For everything there is a season:
a time for sun and a time for rain,
a time for solitude and a time for community,
a time for walking and a time for falling down….
Today I was ready to be on my way and after breakfast set out on the road to Beal, and then Holy Island. The sky was a marvellous shade of grey and the breeze was cool. I wore running shoes, not boots, since today would mainly be road walking. My blisters are so much better.
Upon reaching the sea, I spoke to a man with two black labs who pointed the way of the pilgrim route across the sands. I made my way there, took off my shoes and socks, and stepped onto the sandy ocean floor. The tide was out, but it was wet and very, very cold. For a few moments I thought I would not be able to stand it, but I zipped up my jacket and with the rest of me warm, my feet seemed fine.
Underneath me was sand and water, uneven and lumpy. Ahead of me was a line of poles that would guide me to the island. Now with my pack on my back again, I chose each step carefully. When I reached a place where the sand was soft, I slowed my pace and followed the other footprints. That’s when I fell.
I stepped onto sand and it gave way.
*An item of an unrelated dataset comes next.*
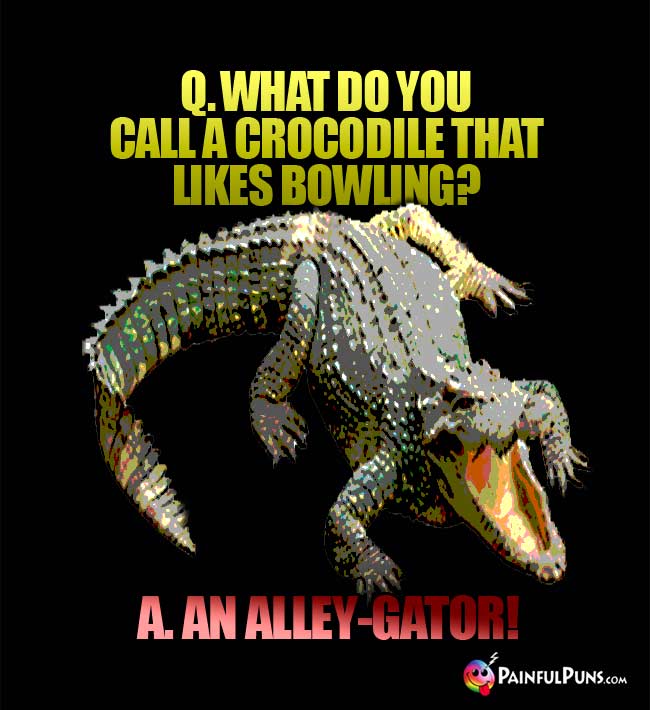 Q. What do you call a crocodile that likes bowling? a. An Alley-Gator!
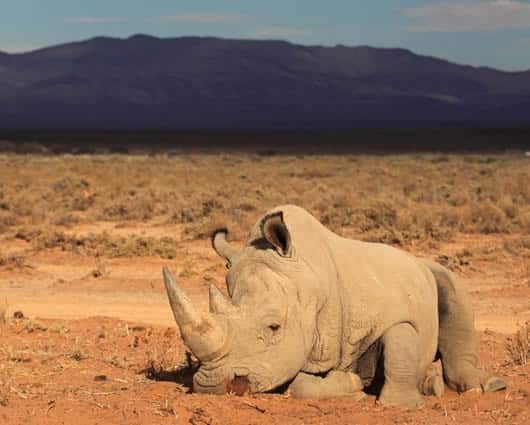 Sudáfrica tiene 20.000 ejemplares de rinocerontes, la mayor población del mundo. Foto: AFP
Suddenly I was halfway to my knees in not just mud, but in the black, smelly ooze underneath. I toppled to one side, losing my balance completely and managing to smear my legs, pants, jacket and hands with dirt. I laughed out loud at myself. Taking great care, I lifted one foot onto more solid ground, and then the other. Oh my, but I was a mess!
I did my best to rinse my feet in a pool of clear sea water and wipe my hands on a small patch of grassy plants. Then I made peace with being dirty. Not much could be done about it now, anyway!
The trip across took only a couple of hours, with me walking at a leisurely pace. It was quiet on the flats, but I was not alone. Three men passed me silently mid-way through.
On the shore again, I rested with water and a biscuit. I let my feet dry out and put my boots on again, which felt warm and good. I noticed that there were a huge number of cars driving across on the causeway and realized that it is the Sunday of a long weekend here. I have been alone, or at least in my own world, for many days. Now I return to community.
It will take me a little time to adjust, I think. I can’t just blow my nose sans kleenex anywhere I like now! But as I have often said about Ecclesiastes 3 (“For everything there is a season…”) all of life has a certain flow, a back-and-forth rhythm that makes our journey rich, deep and full of texture.
Today, my last day as a pilgrim, I embrace that rhythm in all its fullness. Sun and cloud, singing and silence, walking and resting, standing and falling, clean and dirty. Each one of these held in tension, working together, beautiful and blessed.